Composition with Blue Sphere

1951
oil on canvas and wire, in artist's frame
7 1/2 x 3 1/2 x 3/4 in. (19.1 x 8.9 x 1.9 cm)
Initialed "AC" lower right.
This work is registered in the archives of the Calder Foundation, New York, under application number A26726.

Estimate
$100,000 - 150,000 

sold for $185,000

Contact Specialist
Kate Bryan
Head of Day Sale
New York
+ 1 212 940 1267

  • Provenance

    Acquired directly from the artist, Connecticut, 1951
    Sotheby Parke Bernet, Inc., New York, Modern Paintings, Drawings and Sculpture, October 18, 1979, lot 135
    Rolly-Michaux Gallery, New York
    Acquired directly from the above by the present owner, 1981

  • Exhibited

    New York, Rolly-Michaux Gallery, Alexander Calder: Selected Works, February 3 - March 28, 1981

  • Catalogue Essay

    Presenting a unique assembly of both painted and sculptural elements, Composition with Blue Sphere demonstrates the way in which Alexander Calder’s distinguished style coheres with renewed vibrancy when employed across media. Calder’s celebrated sculptural practice has always resonated with the language of early abstract painting. His simplified, organic forms in saffron yellow, cobalt blue and vermilion red recall the early modernist aesthetics of Piet Mondrian. It comes as no surprise that Calder would himself turn to painting in order to cultivate his trademark style. When Calder began to paint in the early 1920s, he embarked on a two-dimensional practice that would continue to parallel the production of his famed “mobiles” and “stabiles” throughout his career. When he turned to canvas, he found himself able to translate the vocabulary of his large-scale sculptural practice to a far more intimate medium. Composition with Blue Sphere, with its enchanting size and graceful effect, demonstrates this refreshing immediacy.

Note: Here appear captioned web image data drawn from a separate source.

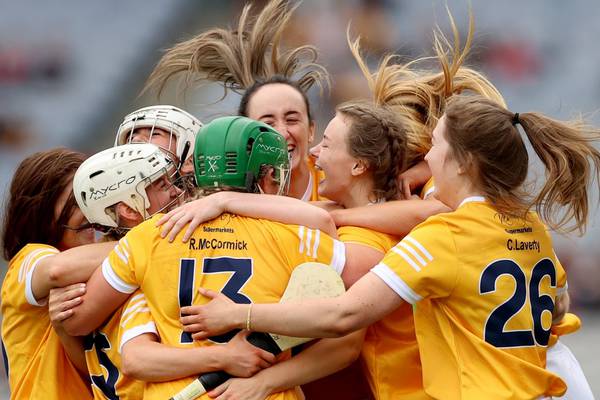 McCormick and Kelly deliver as Antrim win All-Ireland intermediate title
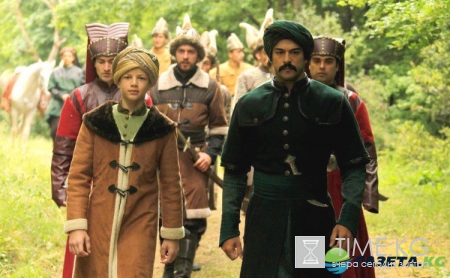 Великолепный век-3: смотреть 33 серию онлайн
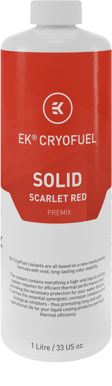 EK-CryoFuel Solid Scarlet Red 1000 ml (Premix)
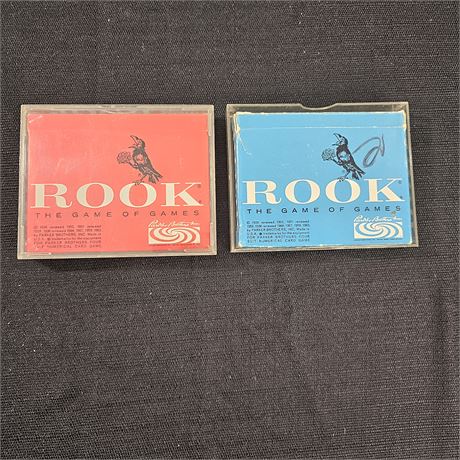 Rook Strategy Vintage Card Games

    The piece captures a small constellation of biomorphic forms, rendered in Calder’s classically vivid palette. Irregular circles, triangles, and wavy flourishes, recalling the vocabulary of Joan Miró float freely in abstracted space. A luminous, marine blue sphere brilliantly punctuates the upper left corner of the composition, while a mustard orb anchors its opposite. There is no sense of spatial hierarchy in the work - the forms occupy a two-dimensional surface with a simultaneity that stimulates the subconscious mind. Each shape contributes to an overall balanced composition that appears remarkably intuitive, conceived at the whim of Calder’s paint brush. The added metal flourish that springs from the canvas contributes to this effect of creative impulse. It adds a quiet note of discord to the work, a surreal divergence from the harmony within the frame. As the spectator’s eye wanders between elements, the work takes on a lively dynamism.

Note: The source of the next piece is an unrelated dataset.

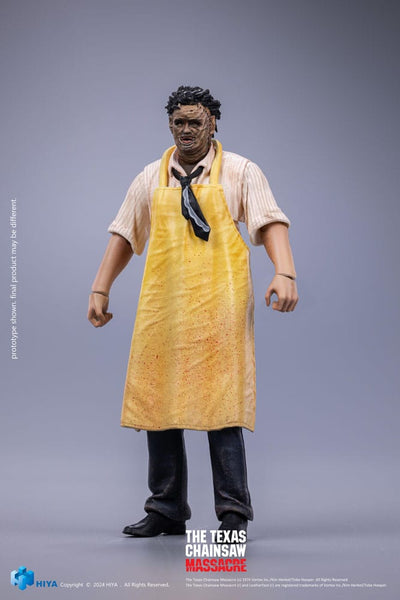 Texas Chainsaw Massacre (1974) Leatherface - Killing Mask Standard Ver. 1/18 Action Figure Hiya Toys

    Calder’s focus on the sphere in the present lot comes from a longstanding preoccupation with elemental form, space and the cosmos:“The basis of everything for me is the universe. The simplest forms in the universe are the sphere and the circle…My whole theory about art is the disparity that exists between form, masses and movement.” (K Kuh, The Artist's Voice: Talks with Seventeen Artists, New York and Evanston, Illinois: Harper & Row, 1962) Composition with Blue Sphere, with its complex interrelated forms, is a study of this spatial interplay. By embellishing a striking oil painting with a playful reference to sculpture, the artist weds two principal trajectories of his practice. Composition with Blue Sphere is a distinctive conception by Alexander Calder, one of the most iconic sculptor-painters of the twentieth century.

  • Artist Bio

    Alexander Calder

    American • 1898 - 1976

    Alexander Calder worked as an abstract sculptor and has been commonly referred to as the creator of the mobile. He employed industrious materials of wire and metal and transformed them into delicate geometric shapes that respond to the wind or float in air. Although born into a family of sculptors, the artist studied mechanical engineering before pursuing a career in art; these studies may explain the science behind the unique balancing act of his dynamic structures. In addition to his mobiles, Calder produced an array of public constructions worldwide as well as drawings and paintings that feature the same brand of abstraction. Calder lived in Lawnton, Pennsylvania.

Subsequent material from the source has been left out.